程林仔細地審視著他,確認看不出什么不好的情緒,考慮到自己如今的地位,看來計宣倒和其他人不大一樣。
“又不是徹底離開了,只是去后山而已,說的好像是永別一樣。”程林笑道。
計宣沒說話,只是抿了抿嘴。
搬去后山,就幾乎意味著徹底被“雪藏”,沒有任何資源配給,守著一座荒山,又何嘗不是“永別”?
“行了,沒事的話,我要睡了。”程林“送客”道。
計宣垂下目光,點點頭,先后退去,只是走到門口,忽然很認真地說了句:“我總覺得你會回來的。”
說完,不等程林回答,他就迅速離開了。
程林收回目光,若有所覺地看向了身后屋門,就只加禾渺正扶著門框,站著,眼睛有些紅腫。
“少爺……”
她啞著嗓子說。
程林微微一笑說:“明天送我過去后,你就下山吧。”
“下山?”
“是,你回家去吧,兩年了,我都沒回去,替我給家里帶封信,說我一切平安。”
“……好。”
打發了禾渺回去睡最后一晚,程林站在院落中,負手仰望天空星斗,用微不可查的,近乎囈語的聲音說:“廢柴流啊……”
推演劇情剎不住車地滑向了老套廢柴的深淵,程林聳聳肩,只能配合。
兩年時光幾句話略過,其中自然有些bug,但考慮到是劇情,也就不重要了。
次日一早,曾寂派來的童子引著程林去了后山。
大道宗有九峰,卻不是只要九座山峰而已。
“后山”并不是什么好地方,而是一片荒涼的山頭,程林的居所就在其中一座很偏僻的,很低矮的荒山上。
那里有一座半廢棄的院落,程林與禾渺一起收拾了下,前者就真寫了封信,然后叫禾渺送回了老家。
信里自然是一切安好的話,大抵是一切順利,遠在外地的游子給家里的話無外乎就這兩句,比較重點的一件事是程林要求家里不要再讓禾渺過來,原話是想要靜心刻苦修行,有人服侍終歸難以真正苦修,實際上是不想讓禾渺跟自己一起在荒山受罪。

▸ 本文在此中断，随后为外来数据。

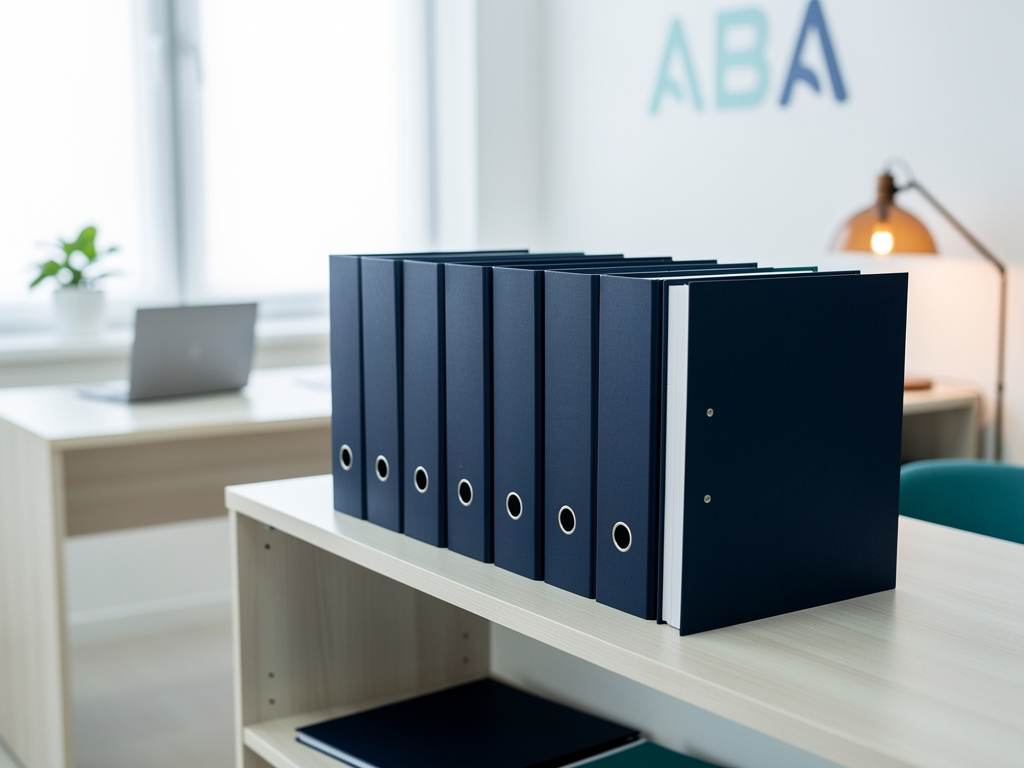 Neatly labeled-free navy binders and folders lined up on a pale wood shelf in soft daylight.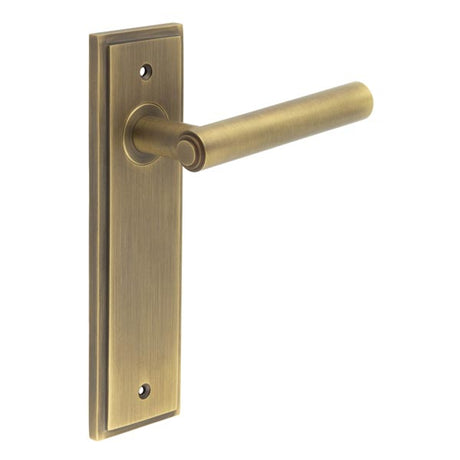 This is an image showing the Frelan - Richmond Door Handle Latch Backplate Antique Brass available to order from T.H. Wiggans Ironmongery in Kendal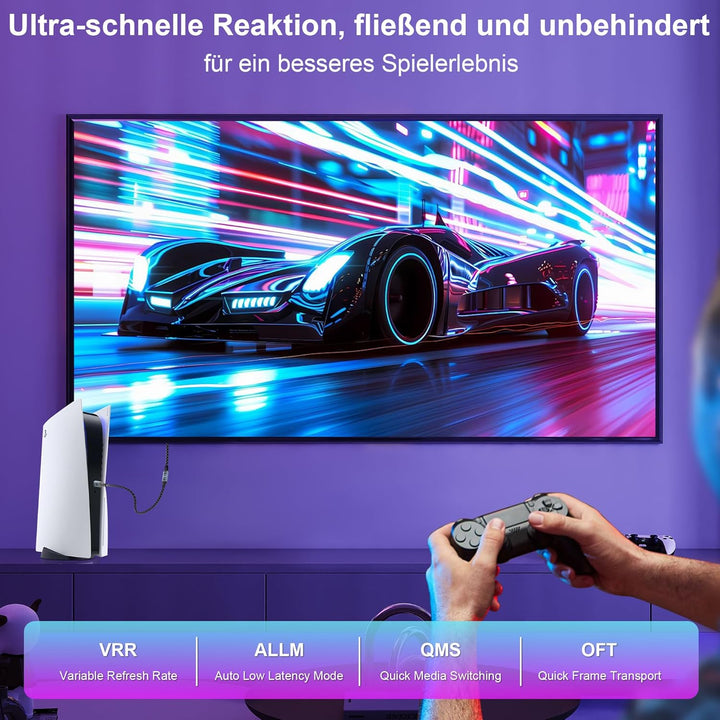 16K Geflochtenes HDMI Verlängerungskabel 0.5M, Ultra High Speed 96Gbps, 8K@120Hz 4K@240Hz/480Hz Stec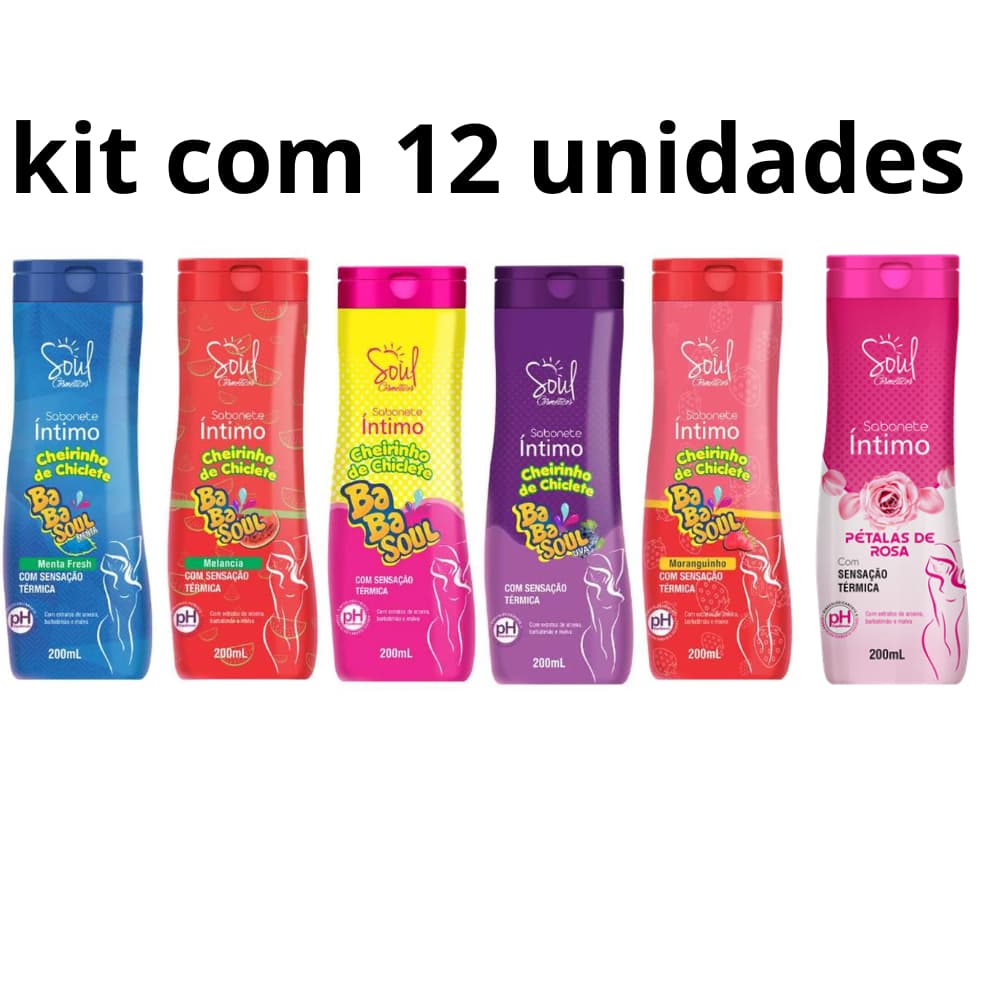 KIT COM 12 Sabonetes Íntimo 200 ml Soul Cosméticos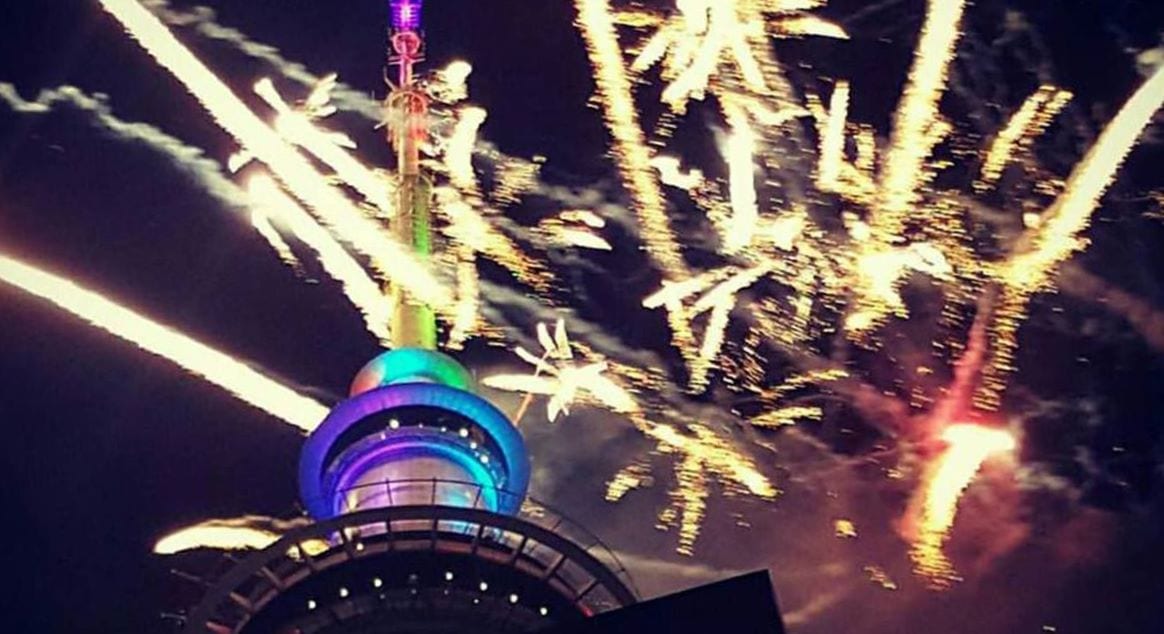 New Years Eve fireworks at Sky Tower, Auckland, New Zealand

荒山真的很荒涼,一年四季都少有人煙,從這里只能遠遠眺望到九峰,細節都看不清,只有在天氣好,云霧稀薄的時候才能偶爾看到正在練習御劍飛行的修士們。
是的,御劍飛行。
這是金丹期才能掌握的一門法術,程林不是金丹,所以沒法施展,這讓他極為難受。
也極為眼饞。
“你就是饞人家的法術,也學不會,你還看個什么勁?你下賤不下賤?”
程林站在小院里,自言自語。
然后他就看到眼前季節變化,時而朦朧煙雨,時而夏日驚雷,時而蕭蕭黃葉,時而群山都銀白了。
一轉眼,便過去了足足一百年。
ps:準備好的章節名沒用上,爭取下章用上。